Police in Northern Ireland can now charge people with non-fatal strangulation.
It became a stand-alone offence in Northern Ireland under the Justice, Sexual Offences and Trafficking Victims Act 2022, and has now come into effect.
Strangulation is the second most common method of female murder in the UK.
Women’s Aid NI said the legal change would give prosecutors vital tools to deal with perpetrators.
Non-fatal strangulation is seen as a red flag for escalating violence in intimate partner relationships and a possible indicator for future risk of murder or attempted murder.
The Department of Justice said the new offence provided greater protection for victims: “This crime can affect anyone and can occur in a number of circumstances.
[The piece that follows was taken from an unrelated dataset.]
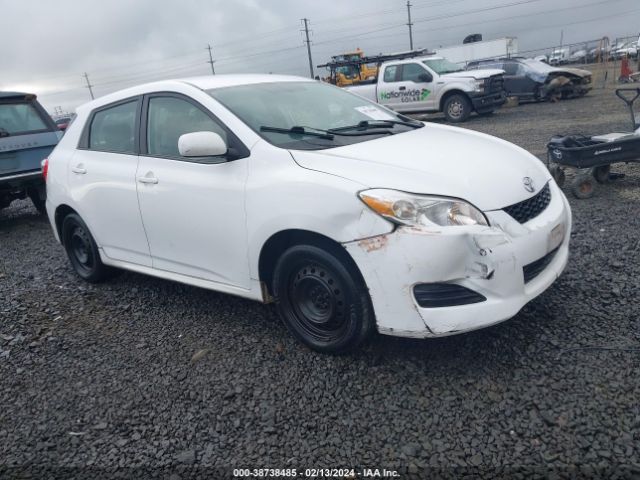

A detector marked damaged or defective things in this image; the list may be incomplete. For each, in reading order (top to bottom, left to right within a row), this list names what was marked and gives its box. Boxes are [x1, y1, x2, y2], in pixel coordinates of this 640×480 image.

damaged hood [290, 123, 552, 211]
cracked headlight [358, 189, 488, 227]
front bumper damage [342, 180, 572, 338]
“However, there are those who use strangulation and asphyxiation to exert control and fear in others, including in cases of domestic abuse.
“Research shows that this type of abuse is eight times more likely to result in domestic homicide.
“In recognition of the serious harm it causes, this new offence carries greater penalties than were previously available and today marks another step forward in making our community safer.”
The PSNI said the new legislation “means that if you do anything that does or could restrict someone’s breathing in any way you should be prepared to face a prison sentence for this offence alone”.
“This new legislation will take into consideration the emotional impact, trauma and fear that the victim experiences.”
Senior police described the legislation as a “step forward in helping officers tackle the magnitude of the threat”.
Det Supt Lindsay Fisher said: “On average, between 10-12% of reporting domestic abuse victims have experienced non-fatal strangulation, placing them at the highest risk.
“Non-fatal strangulation, can very quickly turn fatal.”